This produces an error in version 7.1 for me:
[AVFilterGraph @ 0x6000008b59d0] More input link labels specified for filter 'aeval' than it has inputs: 2 > 1
[AVFilterGraph @ 0x6000008b59d0] Error linking filters
Failed to set value '[0:a][1:a]aeval=val(0)-val(1):c=same' for option 'filter_complex': Invalid argument
Error parsing global options: Invalid argument
The theory behind it is simple: Subtract each audio sample in B from each audiosample in A.
You can do the same thing in your DAW¹ by putting A (e.g. the original) onto one channel and B (the processed sound) onto another. Then you invert the phase of B and listen to/export the sum.
This trick works also for audio gear that claims it does amazing things to your sound (here you just need to make sure to match the levels if they have been changed). Then you can look how much of the signal has truly been affected by your 1000 bucks silver speaker cable.
¹ Digital Audio Workstation, something as simple as Audacity should do the trick
> Then you can look how much of the signal has truly been affected by your 1000 bucks silver speaker cable.
I have a friend who has spent ridiculous sums of money on audio gear. Like, he's in his 50's, and still lives with his parents (in part) because of it. Over the years, I've learned I will never convince him that he's being fleeced, but I've wanted to make a site to host such A/B comparisons for a very long time, to perhaps get through to others what a waste most of the "audiophile" gear is.
Have you ever checked out the https://hydrogenaud.io/index.php?action=forum forums?
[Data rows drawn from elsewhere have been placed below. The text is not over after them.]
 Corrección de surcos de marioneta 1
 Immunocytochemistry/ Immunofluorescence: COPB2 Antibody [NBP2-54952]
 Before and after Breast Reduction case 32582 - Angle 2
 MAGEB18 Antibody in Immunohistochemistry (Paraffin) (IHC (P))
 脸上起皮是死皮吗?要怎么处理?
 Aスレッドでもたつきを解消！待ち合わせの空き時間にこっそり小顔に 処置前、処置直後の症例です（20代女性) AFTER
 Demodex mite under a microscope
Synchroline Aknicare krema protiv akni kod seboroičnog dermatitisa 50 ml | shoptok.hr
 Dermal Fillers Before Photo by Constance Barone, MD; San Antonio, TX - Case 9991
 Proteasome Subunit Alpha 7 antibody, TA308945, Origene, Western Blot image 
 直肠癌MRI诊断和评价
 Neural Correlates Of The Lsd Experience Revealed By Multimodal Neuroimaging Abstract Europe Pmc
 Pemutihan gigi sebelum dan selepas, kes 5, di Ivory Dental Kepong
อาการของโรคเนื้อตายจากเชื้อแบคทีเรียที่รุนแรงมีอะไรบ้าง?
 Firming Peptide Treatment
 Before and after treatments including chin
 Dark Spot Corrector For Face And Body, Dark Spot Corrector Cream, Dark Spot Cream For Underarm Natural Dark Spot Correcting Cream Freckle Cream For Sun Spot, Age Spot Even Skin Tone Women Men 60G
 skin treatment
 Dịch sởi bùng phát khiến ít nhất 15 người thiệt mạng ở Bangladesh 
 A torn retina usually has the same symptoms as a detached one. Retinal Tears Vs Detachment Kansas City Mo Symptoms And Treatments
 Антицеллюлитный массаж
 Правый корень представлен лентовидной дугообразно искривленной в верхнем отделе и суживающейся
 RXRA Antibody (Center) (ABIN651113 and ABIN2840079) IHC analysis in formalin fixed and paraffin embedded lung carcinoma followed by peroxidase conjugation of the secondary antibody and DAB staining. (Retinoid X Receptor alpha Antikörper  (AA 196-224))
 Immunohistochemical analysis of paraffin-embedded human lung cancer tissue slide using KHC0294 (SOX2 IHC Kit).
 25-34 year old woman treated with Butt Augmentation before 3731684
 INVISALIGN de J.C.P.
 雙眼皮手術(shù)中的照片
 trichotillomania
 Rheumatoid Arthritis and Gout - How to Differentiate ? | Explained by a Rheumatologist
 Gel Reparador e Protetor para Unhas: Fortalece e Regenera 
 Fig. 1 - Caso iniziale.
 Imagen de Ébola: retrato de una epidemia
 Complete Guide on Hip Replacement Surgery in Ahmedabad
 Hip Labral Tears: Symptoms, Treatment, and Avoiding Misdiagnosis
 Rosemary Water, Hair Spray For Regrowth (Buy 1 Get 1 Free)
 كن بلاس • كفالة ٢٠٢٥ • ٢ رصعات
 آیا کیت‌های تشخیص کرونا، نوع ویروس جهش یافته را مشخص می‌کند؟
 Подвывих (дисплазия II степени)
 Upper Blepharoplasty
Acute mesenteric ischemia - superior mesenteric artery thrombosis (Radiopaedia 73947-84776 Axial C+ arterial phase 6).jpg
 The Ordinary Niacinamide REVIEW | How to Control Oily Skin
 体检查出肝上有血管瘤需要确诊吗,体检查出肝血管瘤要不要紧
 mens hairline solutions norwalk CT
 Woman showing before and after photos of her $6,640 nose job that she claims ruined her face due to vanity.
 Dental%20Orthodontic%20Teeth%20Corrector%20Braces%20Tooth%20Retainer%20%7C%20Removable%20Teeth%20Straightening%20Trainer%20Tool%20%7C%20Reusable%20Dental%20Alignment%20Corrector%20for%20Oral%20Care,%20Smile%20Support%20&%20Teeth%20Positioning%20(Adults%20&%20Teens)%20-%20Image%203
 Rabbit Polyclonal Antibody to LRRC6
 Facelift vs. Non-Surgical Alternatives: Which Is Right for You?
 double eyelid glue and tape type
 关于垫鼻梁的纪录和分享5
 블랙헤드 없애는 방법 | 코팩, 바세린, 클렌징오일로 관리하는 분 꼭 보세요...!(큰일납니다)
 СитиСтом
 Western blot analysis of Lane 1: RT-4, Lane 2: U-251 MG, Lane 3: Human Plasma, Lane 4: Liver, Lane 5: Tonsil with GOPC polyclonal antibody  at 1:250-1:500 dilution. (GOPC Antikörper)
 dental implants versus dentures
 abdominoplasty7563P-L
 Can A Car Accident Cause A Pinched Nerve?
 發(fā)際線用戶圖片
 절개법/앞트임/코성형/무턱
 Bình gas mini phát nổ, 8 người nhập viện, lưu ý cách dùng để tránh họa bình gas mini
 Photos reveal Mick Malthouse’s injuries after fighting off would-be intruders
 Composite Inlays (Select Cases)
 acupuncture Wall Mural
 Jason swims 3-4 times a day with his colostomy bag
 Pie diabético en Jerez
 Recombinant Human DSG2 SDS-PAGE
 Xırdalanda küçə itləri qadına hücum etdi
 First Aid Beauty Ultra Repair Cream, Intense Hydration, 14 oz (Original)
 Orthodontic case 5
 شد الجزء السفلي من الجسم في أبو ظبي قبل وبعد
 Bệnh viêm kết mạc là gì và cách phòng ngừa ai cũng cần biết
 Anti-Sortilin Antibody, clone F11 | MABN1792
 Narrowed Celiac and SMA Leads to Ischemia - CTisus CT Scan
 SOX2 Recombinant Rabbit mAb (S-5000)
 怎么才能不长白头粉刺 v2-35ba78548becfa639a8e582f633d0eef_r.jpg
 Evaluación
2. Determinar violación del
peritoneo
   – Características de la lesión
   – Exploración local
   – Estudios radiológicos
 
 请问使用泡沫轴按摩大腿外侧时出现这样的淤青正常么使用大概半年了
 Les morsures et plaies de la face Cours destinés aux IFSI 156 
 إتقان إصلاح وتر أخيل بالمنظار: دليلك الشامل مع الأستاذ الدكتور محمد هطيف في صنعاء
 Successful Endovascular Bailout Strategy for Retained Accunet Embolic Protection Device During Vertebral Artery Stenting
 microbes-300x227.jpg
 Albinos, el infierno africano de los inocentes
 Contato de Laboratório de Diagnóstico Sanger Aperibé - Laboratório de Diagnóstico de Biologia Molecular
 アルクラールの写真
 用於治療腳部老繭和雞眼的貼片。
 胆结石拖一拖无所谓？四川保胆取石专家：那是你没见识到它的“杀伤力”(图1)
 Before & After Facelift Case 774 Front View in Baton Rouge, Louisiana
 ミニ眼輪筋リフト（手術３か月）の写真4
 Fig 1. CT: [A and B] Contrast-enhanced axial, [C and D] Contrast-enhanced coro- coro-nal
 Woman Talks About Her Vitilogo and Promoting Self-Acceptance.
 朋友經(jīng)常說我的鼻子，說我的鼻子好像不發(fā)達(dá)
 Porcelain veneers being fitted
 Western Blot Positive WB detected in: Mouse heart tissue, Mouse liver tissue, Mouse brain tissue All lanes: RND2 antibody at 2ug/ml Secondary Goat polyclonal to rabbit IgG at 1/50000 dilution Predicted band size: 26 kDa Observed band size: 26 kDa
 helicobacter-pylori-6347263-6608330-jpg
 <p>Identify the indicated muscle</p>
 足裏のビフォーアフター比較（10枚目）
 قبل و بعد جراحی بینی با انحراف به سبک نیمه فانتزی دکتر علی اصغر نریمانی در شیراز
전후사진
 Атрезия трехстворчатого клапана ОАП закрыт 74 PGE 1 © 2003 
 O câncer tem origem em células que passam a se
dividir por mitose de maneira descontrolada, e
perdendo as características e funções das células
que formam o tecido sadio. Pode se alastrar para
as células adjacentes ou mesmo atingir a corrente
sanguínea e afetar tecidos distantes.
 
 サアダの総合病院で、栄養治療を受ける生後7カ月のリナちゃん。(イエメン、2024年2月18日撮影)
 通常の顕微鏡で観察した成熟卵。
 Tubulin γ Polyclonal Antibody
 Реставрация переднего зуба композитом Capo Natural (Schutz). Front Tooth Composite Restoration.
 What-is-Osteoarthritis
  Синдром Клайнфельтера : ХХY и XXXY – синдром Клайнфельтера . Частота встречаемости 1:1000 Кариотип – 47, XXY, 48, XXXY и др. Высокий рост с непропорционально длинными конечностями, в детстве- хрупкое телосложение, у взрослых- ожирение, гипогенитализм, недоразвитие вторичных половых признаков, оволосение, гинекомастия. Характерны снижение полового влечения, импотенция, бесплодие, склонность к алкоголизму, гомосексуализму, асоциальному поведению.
use this instead: ffmpeg -i original.wav -i decoded.wav -filter_complex "[1:a]aresample=async=1,volume=-1.0[inverted];[0:a][inverted]amix=inputs=2:weights=1 1" difference.wav
But honestly the only thing you get is something that subjectively sounds exactly the same, but lower volume. Probably due to the fact that subjective sound experience is more related to the fourier transform of the waves than it is to the waves themselves.
It's because mp3 dramatically changes phase. As a result, merely mixing the inverted original won't leave you with what's filtered out.
That technique will work with simpler compression techniques, like companding. (Companding is basically doing the digital equivalent of the old Dolby NR button from the cassette days.)
Interesting approach. So are we only able to hear those sounds now because the rest of the music was removed, which would ordinarily mask the missing sounds?
To say that the mp3-encoded version is not "what the artist recorded and wanted for us to hear" would imply that we can hear all sounds in the uncompressed recording.
Yes exactly this. On a high bitrate stream these losses are imperceptible (yes even by you golden ears out here) due to how auditory filters work in human hearing.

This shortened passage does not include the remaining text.